=== PROVIDED RECORDS ===
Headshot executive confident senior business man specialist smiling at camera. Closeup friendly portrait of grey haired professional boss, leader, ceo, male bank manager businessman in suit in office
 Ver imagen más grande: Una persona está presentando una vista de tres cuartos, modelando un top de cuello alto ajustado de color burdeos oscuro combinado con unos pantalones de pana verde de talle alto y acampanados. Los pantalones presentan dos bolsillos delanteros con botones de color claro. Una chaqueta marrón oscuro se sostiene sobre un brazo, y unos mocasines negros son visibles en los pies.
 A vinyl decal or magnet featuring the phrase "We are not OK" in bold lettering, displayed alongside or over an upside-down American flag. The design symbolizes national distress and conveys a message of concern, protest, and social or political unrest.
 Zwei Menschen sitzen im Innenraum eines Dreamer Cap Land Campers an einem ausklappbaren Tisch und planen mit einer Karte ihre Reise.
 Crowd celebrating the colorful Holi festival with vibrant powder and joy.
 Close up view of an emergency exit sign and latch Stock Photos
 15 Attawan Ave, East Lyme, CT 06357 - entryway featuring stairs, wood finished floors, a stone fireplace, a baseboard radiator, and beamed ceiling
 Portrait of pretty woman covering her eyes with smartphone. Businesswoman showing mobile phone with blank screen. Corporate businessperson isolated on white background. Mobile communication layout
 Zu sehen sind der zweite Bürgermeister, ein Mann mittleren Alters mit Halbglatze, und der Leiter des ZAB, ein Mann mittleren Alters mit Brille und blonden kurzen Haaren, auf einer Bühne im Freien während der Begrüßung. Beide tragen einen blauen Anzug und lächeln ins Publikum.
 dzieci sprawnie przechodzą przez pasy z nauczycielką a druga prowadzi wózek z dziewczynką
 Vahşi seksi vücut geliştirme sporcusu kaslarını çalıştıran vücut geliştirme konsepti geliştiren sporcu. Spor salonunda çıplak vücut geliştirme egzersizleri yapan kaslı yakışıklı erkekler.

=== WORK REQUEST ===
Count the lines in the material above where the string "einer" appears, then state only that count.

=== OUTPUT FOR THIS TASK ===
2